Future outlook is an important aspect when you’re looking at buying a stock, especially if you are an investor looking for growth in your portfolio. Although value investors would argue that it’s the intrinsic value relative to the price that matter the most, a more compelling investment thesis would be high growth potential at a cheap price. However, with a relatively muted profit growth of 6.5% expected over the next couple of years, growth doesn’t seem like a key driver for a buy decision for Georg Fischer, at least in the short term.
What this means for you:
Are you a shareholder? Even though growth is relatively muted, since FI-N is currently undervalued, it may be a great time to accumulate more of your holdings in the stock. However, there are also other factors such as financial health to consider, which could explain the current undervaluation.
Are you a potential investor? If you’ve been keeping an eye on FI-N for a while, now might be the time to enter the stock. Its future outlook isn’t fully reflected in the current share price yet, which means it’s not too late to buy FI-N. But before you make any investment decisions, consider other factors such as the track record of its management team, in order to make a well-informed buy.

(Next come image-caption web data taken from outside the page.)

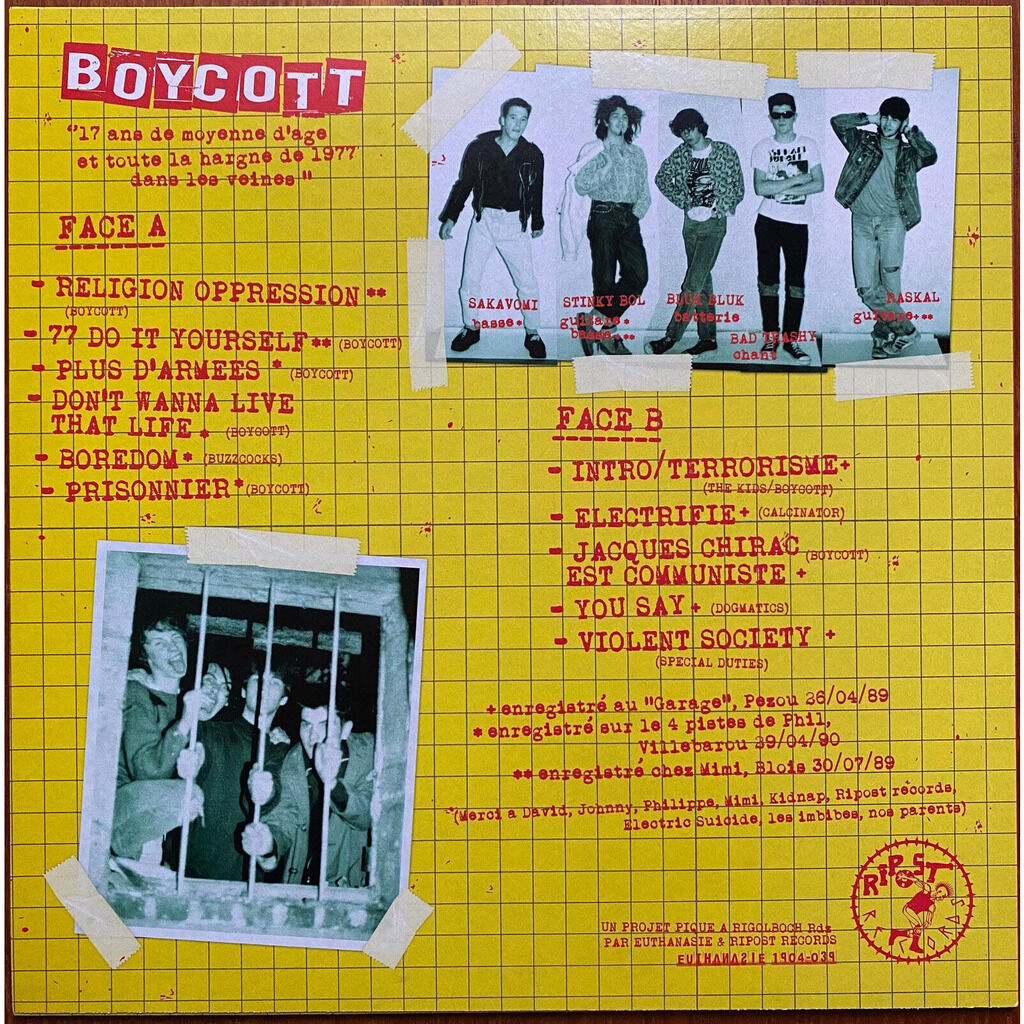  Boycott (6)  -  prisonnier de ton identité (1989-1990) 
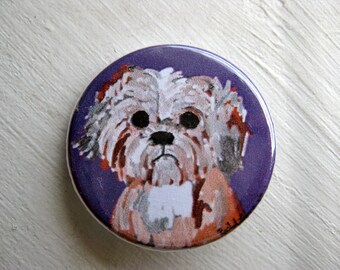 Shih Tzu Pinback Button 1 1/4 inch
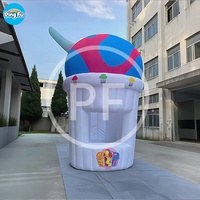 Stand de crème glacée gonflable pour la publicité extérieure, stand de citronnade, stand de boissons, tente pour les promotions et les événements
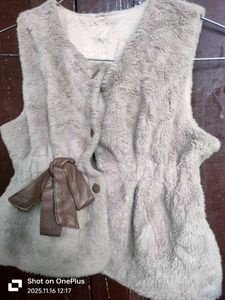 Cute Faux Fur Vest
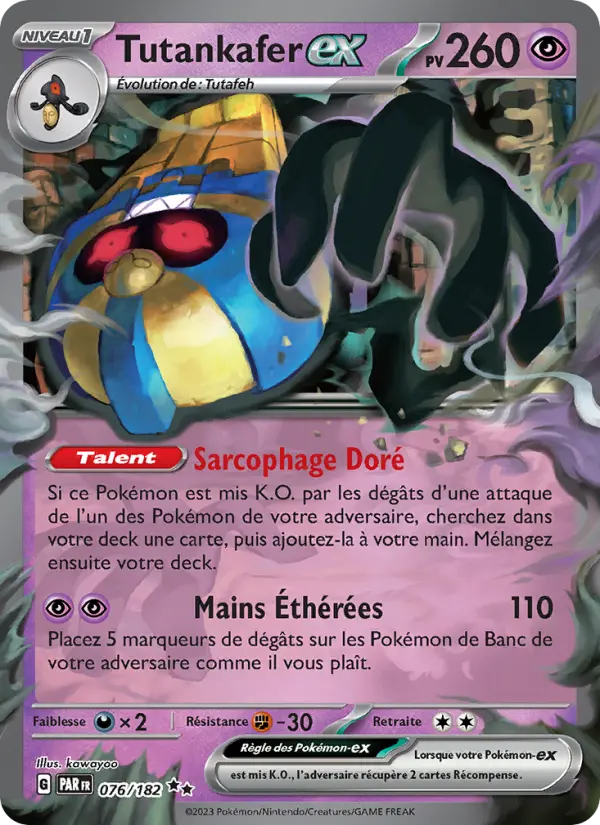Tutankafer-ex — carte 076 de l’extension Faille Paradoxe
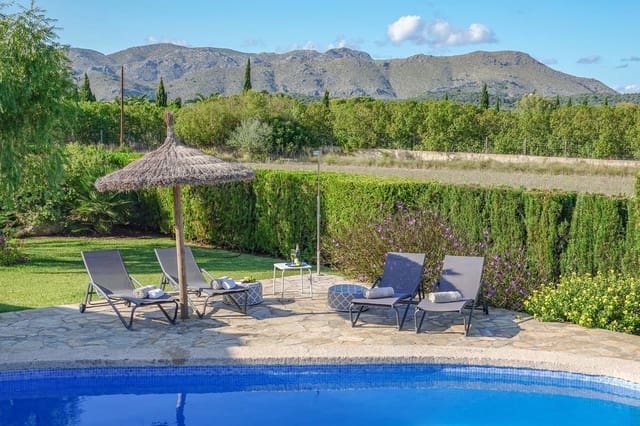 4 camera da letto Finca/Casa di Campagna da affittare in Pollensa / Pollença con piscina garage - 3.000 € (Rif: 6428734)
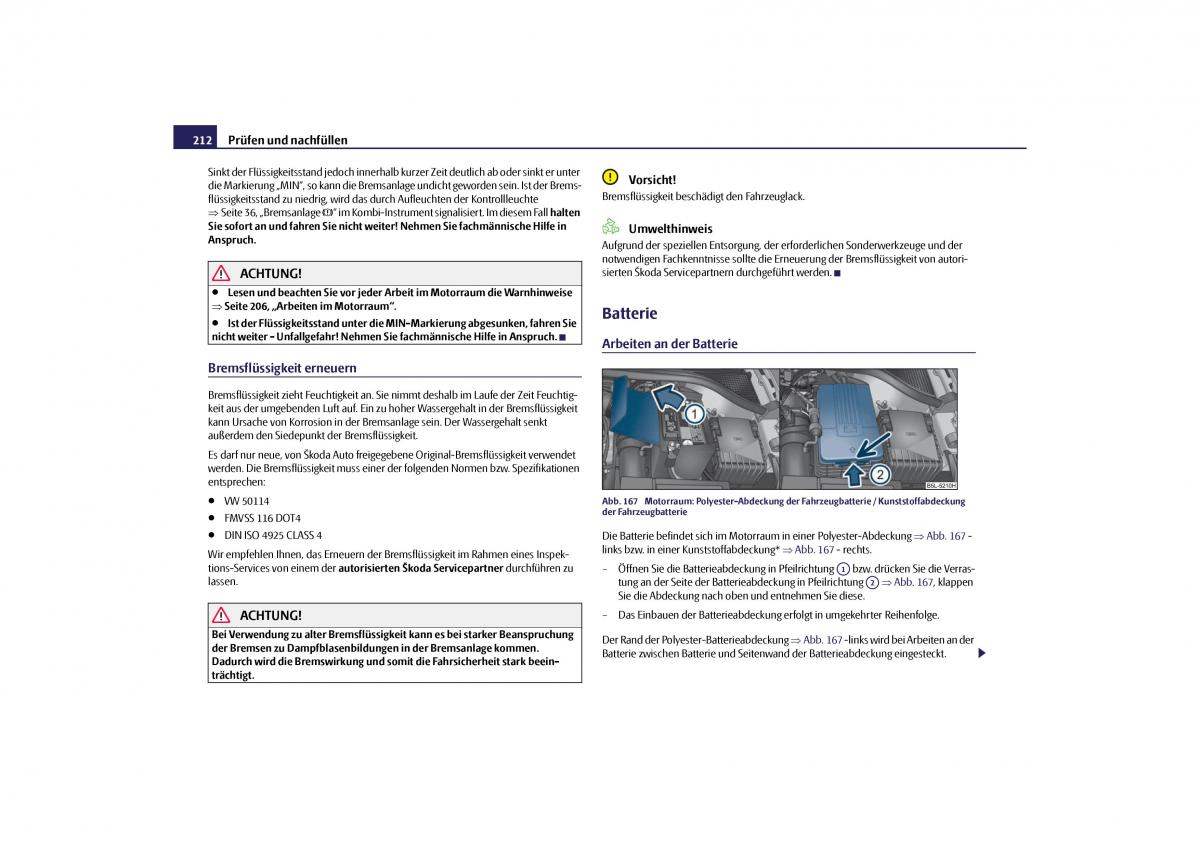 Skoda Yeti Handbuch / page 213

Price is just the tip of the iceberg. Dig deeper into what truly matters – the fundamentals – before you make a decision on Georg Fischer. You can find everything you need to know about Georg Fischer in the latest infographic research report. If you are no longer interested in Georg Fischer, you can use our free platform to see my list of over 50 other stocks with a high growth potential.
We aim to bring you long-term focused research analysis driven by fundamental data. Note that our analysis may not factor in the latest price-sensitive company announcements or qualitative material.
If you spot an error that warrants correction, please contact the editor at email@example.com. This article by Simply Wall St is general in nature. It does not constitute a recommendation to buy or sell any stock, and does not take account of your objectives, or your financial situation. Simply Wall St has no position in the stocks mentioned. Thank you for reading.